日本のスクラムの強さとは一体なにか? 堀江翔太、稲垣啓太らを突き動かした「慎さん」の情熱と探究心<Number Web> photograph by AFLO

長らく日本の弱点と言われてきたスクラム。長谷川慎コーチはフランスやヤマハで培った技術を日本代表へ還元した

稲垣の言葉が持つ説得力

 3人集まれば派閥ができるというぐらいだから、大所帯のFWがいつも同じ方向を向いているわけではない。出身国は、韓国、トンガ、南アフリカ、ニュージーランド、オーストラリアと多様だ。代表のリーダーグループの一員である稲垣は、ベクトルの向きを一致させることに腐心してきた。ピッチで集まった時、ホテルで映像を見る時、心がけていることがある。

「なるべく質問を投げかける。意識が僕に集中しているかどうかといえば、全員がそうとはいえない。他のプレーだったり、水のことを考えていたり。そこで質問を投げけると、集中、というマインドになる」

 言葉の説得力は、日頃のストイックな取り組みが生み出している。186cm、116kgという巨体ながら、体脂肪はプロップでは驚異の1ケタに迫る。ダッシュのメニューはいつもFW陣の先頭を走り、己を追い込むことをいとわない。

 15年大会。南ア戦で右手中指を骨折したが、次のスコットランド戦に強行先発した。グラウンドを離れれば、母校のラグビー部に芝生を寄贈。その資金300万円も、骨折も、自己節制も、痛みを伴わないわけはないが、内に秘めた思いや感情を表に出さず、平然とやってのける。「決して笑わない男」の素顔は魂の人であり、人情家なのだ。

堀江の存在が放つ信頼感

 そんなプロップに挟まれる堀江は、技術的にも精神的にも扇の要だ。11年、15年に続いて、今回が3度目のW杯。日本のスクラムの推移を誰よりも分かっている。

「15年に比べると、後ろ5人の“押し”を感じる。それに、今のような詳細な決め事や取り組みがあったわけではない。11年はほとんど組んでいませんでしたね。(今と比べると)スクラムじゃない(笑)」

 後列からのプッシュを今まで以上に感じ取れる分、「1、2、3番は崩すことばかり考えている。相手が弱い姿勢になるように」と駆け引きに集中できている。

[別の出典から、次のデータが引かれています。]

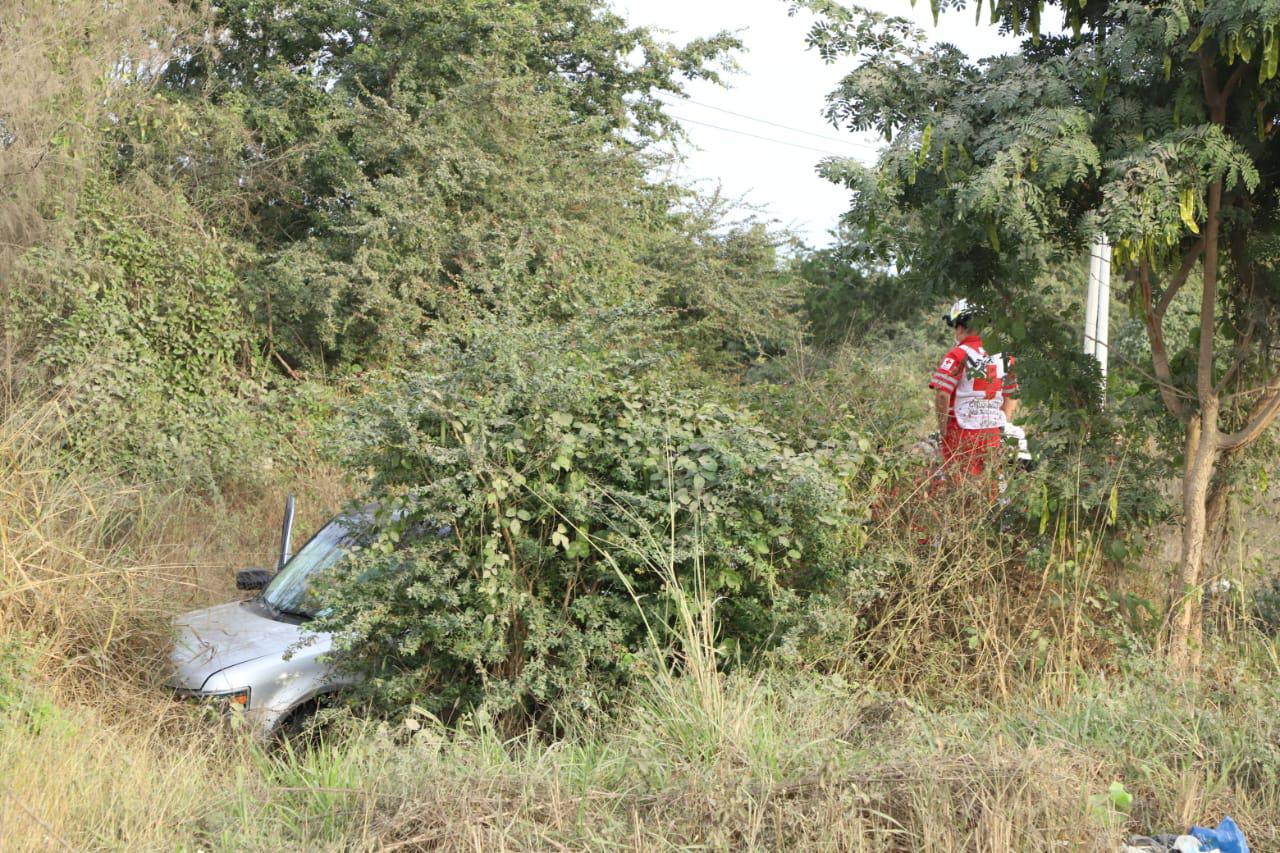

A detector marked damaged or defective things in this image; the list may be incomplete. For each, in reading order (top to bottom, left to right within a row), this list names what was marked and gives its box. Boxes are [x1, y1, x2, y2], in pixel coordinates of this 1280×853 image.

crashed silver truck [165, 496, 362, 736]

 もちろん、個の強さよりもまとまりが重視されるスクラムが最初からうまく行ったわけではない。長谷川は言う。「堀江は最初、変化を嫌がっていた。ヤマハの日野(剛司)にも負けてたしね」。半信半疑でスタートし、形になり、少しずつ結果が伴い、教えに納得するようになった。

「どうすれば8人が固まれるか、低くできるか、それを慎さんは教えてくれる」

 教える側にとっても堀江は欠かせぬ人物だと長谷川は評する。「週の始めにいつも話をする。キツい時、うまく組めない時に、どうしようと」。堀江を通じて、意図や狙いが選手に浸透するケースも多いという。

 仲間からの信頼も厚い。9月に中島が金髪にした際、真っ先にかばった。日本協会・藤井雄一郎強化委員長に「自由にさせてあげてほしい」と伝えた。自分のドレッドヘアが賛否を呼んだことがある。もしかしたら、どこかの重鎮や権威から、不愉快という声が届くかもしれない。それを防いでほしい。後輩を守るための行動だった。

 プール戦4試合に、代表31人中5人が出場しなかった。分析、練習相手として躍進を支えた右プロップ木津悠輔らを、堀江はタイミングを見て食事やコーヒーに連れ出した。稲垣も同じ気遣いをしていた。

 自分を犠牲にしてボールを生かす。この競技にふさわしい、ハートフルなメンバーがスクラムを組んでいる。しかも、長谷川の情熱、探究心に感化され、皆が「慎さんを100%信頼している」と声を揃える。

 心も8人一体。日本のスクラムの強さがここにある。